As frontwoman of synth-pop duo Bobo and an integral part of her brother’s Hel Audio electronic collective, Utah’s Kari Jorgensen may be best known as a purveyor of intricately composed art pop with a digital sheen. Before Bobo’s formation in the early 2010s, however, she released a small handful of homespun solo recordings as The Boy Who Could Fly, fashioning lo-fi miniatures out of plunking power chords, boldly conspicuous samples, and the occasional clatter of live drums. Accompanied by childlike doodles of Tamagotchis and parka-clad figures, the project’s earliest releases felt as charming as an art-class project made of popsicle sticks and paste. Strings buzzed and warbled, Jorgensen occasionally folding in patchwork bits of keyboard or overdubbed vocal harmony in the vein of classic Sentridoh: Cozy, but with a faint undercurrent of unease.

Released in 2011, BRAIN CLOUD was The Boy Who Could Fly’s swan song, fleshing out Jorgensen’s songwriting while maintaining the project’s raw ethos. Opening track “Closer” bursts into being without introduction, jumping directly into its opening verse as if it’s a de facto theme song. A muffled snare backs clean electric chords and multi-tracked vocals, each element stumbling into place with extra room to spare. Jorgensen’s singing holds the collage of disparate parts together, leaping for high notes and sighing as her voice falls back to earth. “I feel closer, closer, closer to what I need to listen to,” she says. “My ears are not fools.”

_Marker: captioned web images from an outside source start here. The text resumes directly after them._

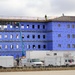 Ongoing Army Corps of Engineers barracks construction project at Fort McCoy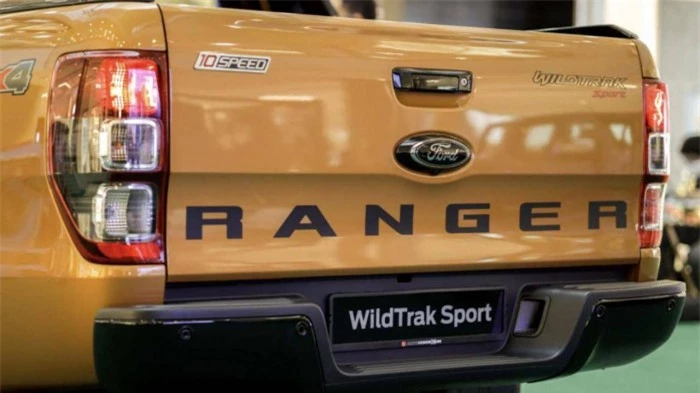 ford ranger wilktrak sport special edition ra mắt, giá khoảng 854 triệu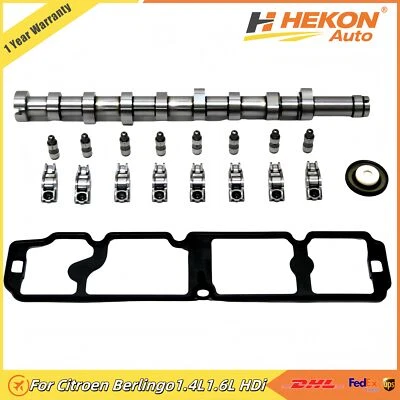 Camshaft, Hydraulic Lifters & Rocker Arms For Citroen Berlingo 1.4L & 1.6L HDi - Image 1 of 4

Even when backed solely by muted guitar, as on “Biomythography,” Jorgensen demonstrates mastery at making massive statements with scant resources. Instrumentally, she works with little more than a looped progression played on lower strings, yet the scope of her songwriting expands into the cosmos and beyond. “I can never be sure where your silent space comes from, or all your heroic mythology,” she sings, consciousness soaring into the unknown, before returning to a mundane present: “Every day is a timeline. You’ve got all these people and places to memorize—flashing index cards in the sky.” In the tradition of classic K Records solo acts like Lois and Calvin Johnson, Jorgensen imagined worlds where fantasy and the minutiae of the everyday existed side by side.